Flow diagram of patient enrolment, allocation, follow-up, and analysis. The administrative moratorium refers to a period of institutional review when collection of human specimens was suspended for all clinical trials at the study site. CABG = coronary artery bypass graft surgery; ITT = intention-to-treat
Patient characteristics and medication use were similar between groups (Table 1). Procedural complexity was comparable except for increased use of right internal mammary artery (P = 0.024) or bilateral internal mammary artery grafting (P = 0.009) in the propofol group (Table 1). No 15-F2t-isoprostane data were lacking. Cardiac troponin I data were excluded or missing in 10/125 patients (8%) at reperfusion, 16/125 patients (12.8%) at 12 hr, and 32/125 patients (25.6%) at 24 hr due to early discharge from the intensive care unit. B-cell lymphoma 2 data were lacking in 19/125 patients (15%). No data were lacking in patients experiencing LCOS or MACE.

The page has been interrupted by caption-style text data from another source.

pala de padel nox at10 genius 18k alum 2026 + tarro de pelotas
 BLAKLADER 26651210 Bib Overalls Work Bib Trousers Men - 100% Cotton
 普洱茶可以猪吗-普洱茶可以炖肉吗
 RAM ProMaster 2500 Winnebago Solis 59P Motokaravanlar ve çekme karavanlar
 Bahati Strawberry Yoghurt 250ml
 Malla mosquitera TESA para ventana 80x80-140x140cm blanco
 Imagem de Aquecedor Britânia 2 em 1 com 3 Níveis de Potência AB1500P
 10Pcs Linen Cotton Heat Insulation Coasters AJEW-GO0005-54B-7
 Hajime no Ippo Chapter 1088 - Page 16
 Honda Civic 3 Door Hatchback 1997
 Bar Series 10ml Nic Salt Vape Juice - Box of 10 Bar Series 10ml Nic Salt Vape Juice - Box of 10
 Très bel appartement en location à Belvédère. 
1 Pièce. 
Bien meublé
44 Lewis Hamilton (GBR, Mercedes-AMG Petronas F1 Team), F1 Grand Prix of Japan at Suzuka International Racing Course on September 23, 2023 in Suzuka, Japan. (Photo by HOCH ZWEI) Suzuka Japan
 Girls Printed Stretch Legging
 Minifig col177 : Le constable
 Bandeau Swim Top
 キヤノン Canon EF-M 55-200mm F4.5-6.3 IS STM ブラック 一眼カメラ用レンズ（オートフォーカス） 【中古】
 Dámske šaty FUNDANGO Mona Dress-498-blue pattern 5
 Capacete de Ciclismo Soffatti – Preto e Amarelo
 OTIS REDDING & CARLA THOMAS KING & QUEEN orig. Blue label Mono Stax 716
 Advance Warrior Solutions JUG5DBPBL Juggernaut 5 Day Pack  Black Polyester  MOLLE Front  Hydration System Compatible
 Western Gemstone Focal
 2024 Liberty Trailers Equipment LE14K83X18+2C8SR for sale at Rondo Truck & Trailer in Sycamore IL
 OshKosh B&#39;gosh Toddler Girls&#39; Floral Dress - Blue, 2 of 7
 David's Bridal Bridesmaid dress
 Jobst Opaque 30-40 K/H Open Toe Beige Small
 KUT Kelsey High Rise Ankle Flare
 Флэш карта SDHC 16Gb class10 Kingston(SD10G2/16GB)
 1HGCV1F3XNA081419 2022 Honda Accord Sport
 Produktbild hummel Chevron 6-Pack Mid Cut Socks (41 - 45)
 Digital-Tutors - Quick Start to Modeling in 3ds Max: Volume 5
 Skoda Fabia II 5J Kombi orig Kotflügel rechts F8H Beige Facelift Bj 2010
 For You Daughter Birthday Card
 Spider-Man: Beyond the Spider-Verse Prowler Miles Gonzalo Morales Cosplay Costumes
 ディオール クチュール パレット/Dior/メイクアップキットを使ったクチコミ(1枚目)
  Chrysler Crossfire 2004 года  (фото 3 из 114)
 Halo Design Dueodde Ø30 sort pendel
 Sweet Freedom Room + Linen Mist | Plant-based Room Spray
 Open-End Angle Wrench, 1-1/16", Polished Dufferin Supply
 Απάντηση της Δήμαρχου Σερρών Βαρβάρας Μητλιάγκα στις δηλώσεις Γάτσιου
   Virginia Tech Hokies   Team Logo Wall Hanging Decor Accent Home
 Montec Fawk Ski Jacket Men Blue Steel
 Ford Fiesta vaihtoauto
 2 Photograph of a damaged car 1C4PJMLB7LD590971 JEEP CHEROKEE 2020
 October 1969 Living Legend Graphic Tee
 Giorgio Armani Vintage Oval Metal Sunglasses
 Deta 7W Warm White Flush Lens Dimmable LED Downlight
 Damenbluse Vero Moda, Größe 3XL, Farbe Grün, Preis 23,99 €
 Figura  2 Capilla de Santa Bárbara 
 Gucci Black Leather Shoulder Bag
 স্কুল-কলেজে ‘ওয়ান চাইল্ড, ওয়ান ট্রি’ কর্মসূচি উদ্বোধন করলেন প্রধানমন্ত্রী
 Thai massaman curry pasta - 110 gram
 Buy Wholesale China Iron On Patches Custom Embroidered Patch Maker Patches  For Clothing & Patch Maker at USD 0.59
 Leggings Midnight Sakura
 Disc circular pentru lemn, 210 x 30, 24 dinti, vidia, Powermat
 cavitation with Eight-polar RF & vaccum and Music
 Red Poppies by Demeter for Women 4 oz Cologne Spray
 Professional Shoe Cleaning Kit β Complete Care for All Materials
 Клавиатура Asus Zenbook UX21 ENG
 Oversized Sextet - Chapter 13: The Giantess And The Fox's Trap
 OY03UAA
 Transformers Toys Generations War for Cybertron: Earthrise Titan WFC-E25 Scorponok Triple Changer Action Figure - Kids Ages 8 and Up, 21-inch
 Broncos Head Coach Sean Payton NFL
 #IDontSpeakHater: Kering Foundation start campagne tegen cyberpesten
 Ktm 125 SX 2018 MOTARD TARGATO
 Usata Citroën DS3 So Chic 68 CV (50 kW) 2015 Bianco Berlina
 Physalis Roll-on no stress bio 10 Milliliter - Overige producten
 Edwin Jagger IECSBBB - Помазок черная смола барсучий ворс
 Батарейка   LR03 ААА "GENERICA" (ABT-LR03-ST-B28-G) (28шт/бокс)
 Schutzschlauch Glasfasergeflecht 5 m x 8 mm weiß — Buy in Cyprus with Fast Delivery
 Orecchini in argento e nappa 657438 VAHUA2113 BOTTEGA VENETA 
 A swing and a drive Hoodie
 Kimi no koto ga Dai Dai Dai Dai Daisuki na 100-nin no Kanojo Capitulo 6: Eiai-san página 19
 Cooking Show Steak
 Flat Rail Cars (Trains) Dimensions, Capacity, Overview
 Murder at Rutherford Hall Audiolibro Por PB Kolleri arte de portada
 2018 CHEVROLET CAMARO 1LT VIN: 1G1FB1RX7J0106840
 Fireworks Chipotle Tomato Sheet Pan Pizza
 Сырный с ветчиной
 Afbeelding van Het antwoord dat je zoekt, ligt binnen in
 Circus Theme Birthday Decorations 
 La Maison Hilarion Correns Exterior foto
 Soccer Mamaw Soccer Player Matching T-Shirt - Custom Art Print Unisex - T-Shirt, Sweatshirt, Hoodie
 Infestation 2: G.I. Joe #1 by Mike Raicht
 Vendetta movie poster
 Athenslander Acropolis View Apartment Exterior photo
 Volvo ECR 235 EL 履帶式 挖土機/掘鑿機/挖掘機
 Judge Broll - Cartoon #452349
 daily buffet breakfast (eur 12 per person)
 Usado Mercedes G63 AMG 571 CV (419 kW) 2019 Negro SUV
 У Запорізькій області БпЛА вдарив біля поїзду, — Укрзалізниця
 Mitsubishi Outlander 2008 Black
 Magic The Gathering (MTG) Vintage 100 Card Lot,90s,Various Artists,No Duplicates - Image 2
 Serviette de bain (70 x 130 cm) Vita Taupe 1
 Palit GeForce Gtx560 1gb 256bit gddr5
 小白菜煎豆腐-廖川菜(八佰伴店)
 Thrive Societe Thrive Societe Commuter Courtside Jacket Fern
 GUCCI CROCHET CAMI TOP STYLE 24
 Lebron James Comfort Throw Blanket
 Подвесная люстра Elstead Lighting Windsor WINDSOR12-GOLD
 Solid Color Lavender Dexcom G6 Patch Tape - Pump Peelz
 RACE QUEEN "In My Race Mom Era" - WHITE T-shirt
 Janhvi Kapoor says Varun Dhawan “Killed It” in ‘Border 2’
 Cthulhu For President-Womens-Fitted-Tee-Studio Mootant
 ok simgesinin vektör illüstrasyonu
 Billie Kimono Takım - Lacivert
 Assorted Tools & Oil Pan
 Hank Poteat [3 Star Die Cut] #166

At baseline, i.e., prior to CPB, the median [IQR] CS 15-F2t-isoprostane was 60.6 [39.7-94.0] pg.mL−1 in the propofol group vs 53.6 [37.6-76.9] pg.mL−1 in the isoflurane group (P = 0.218) (Fig. 3). The median [IQR] CS 15-F2t-isoprostane level at reperfusion increased to 77.7 [56.3-124.4] pg.mL−1 in the propofol group (P = 0.004) vs 62.7 [42.46-104.4] pg.mL−1 in the isoflurane group (P = 0.084). Participants receiving propofol experienced a greater mean (SD) increase from baseline in CS 15-F2t-isoprostane levels compared with those receiving isoflurane group (26.9 (10.9) pg.mL−1 vs 12.1 (10.4) pg.mL−1, respectively; mean difference, 14.8; 95% CI, 11.0 to 18.6; P < 0.001).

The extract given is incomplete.